Ayat 2, Apabila pelanggaran tersebut dalam ayat (1) dilakukan oleh Organisasi atau sesuatu aliran kepercayaan, maka Presiden Republik Indonesia dapat membubarkan Organisasi itu dan menyatakan Organisasi atau aliran tersebut sebagai Organisasi/aliran terlarang, satu dan lain setelah Presiden mendapat pertimbangan dari Menteri Agama, Menteri/Jaksa Agung dan Menteri Dalam Negeri.
c. Pasal 3
Apabila setelah dilakukan tindakan oleh Menteri Agama bersama-sama Menteri/Jaksa Agung dan Menteri Dalam Negeri atau oleh Presiden Republik Indonesia menurut ketentuan dalam pasal 2 terhadap orang, Organisasi atau aliran kepercayaan, mereka masih terus melanggar ketentuan dalam pasal 1, maka orang, penganut, anggota dan/atau anggota Pengurus Organisasi yang bersangkutan dari aliran itu dipidana dengan pidana penjara selama-lamanya lima tahun.
d.
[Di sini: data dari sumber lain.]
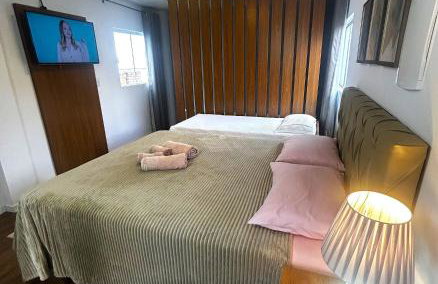 RCM Vilas - Casa Descolada - Foto 2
Pasal 4
Pasal ini mengambil Pasal 156a KUHP. Pasal 156 KUHP menguraikan, barang siapa di rnuka umum menyatakan perasaan permusuhan, kebencian atau penghinaan terhadap suatu atau beberapa golongan rakyat Indonesia, diancam dengan pidana penjara paling lama empat tahun atau pidana denda paling banyak empat ribu lima ratus rupiah.
Perkataan golongan dalam pasal ini dan pasal berikutnya berarti tiap-tiap bagian dari rakyat Indonesia yang berbeda dengan suatu atau beberapa bagian lainnya karena ras, negeri asal, agama, tempat, asal, keturunan, kebangsaan atau kedudukan menurut hukum tata negara.
2. Pasal 156a KUHP
Aturan lain yang bisa diterapkan untuk tuduhan penistaan agama adalah Pasal 156a Kitab Undang-Undang Hukum Pidana (KUHP), yang berbunyi :
“Dipidana dengan pidana penjara selama-lamanya 5 tahun barang siapa dengan sengaja di muka umum mengeluarkan perasaan atau melakukan perbuatan:
a. Yang pada pokoknya bersifat permusuhan, penyalahgunaan atau penodaan terhadap suatu agama yang dianut di Indonesia.
b. Dengan maksud agar supaya orang tidak menganut agama apapun juga yang bersendikan Ketuhanan Yang Maha Esa."
Penetapan Presiden Nomor 1/PNPS Tahun 1965 itu pernah diujimaterialkan di Mahkamah Konstitusi pada 2010. Para pemohon adalah Abdurrahman Wahid, Imparsial, Elsam, Perhimpunan Bantuan Hukum dan HAM Indonesia, Yayasan Desantara, Yayasan Lembaga Bantuan Hukum Indonesia, M. Dawam Raharjo, Maman Imanul Haq, serta Musdah Mulia.
Pemerintah, yang saat itu diwakili Menteri Agama Suryadharma Ali berpendapat ketentuan itu masih diperlukan. Menurut Suryadharma Ali bila ketentuan itu dicabur bisa menimbulkan konflik sosial yang berpotensi terpicu. "Ini yang tidak kita harapkan," kata dia di Mahkamah Konstitusi pada 4 Februari 2010.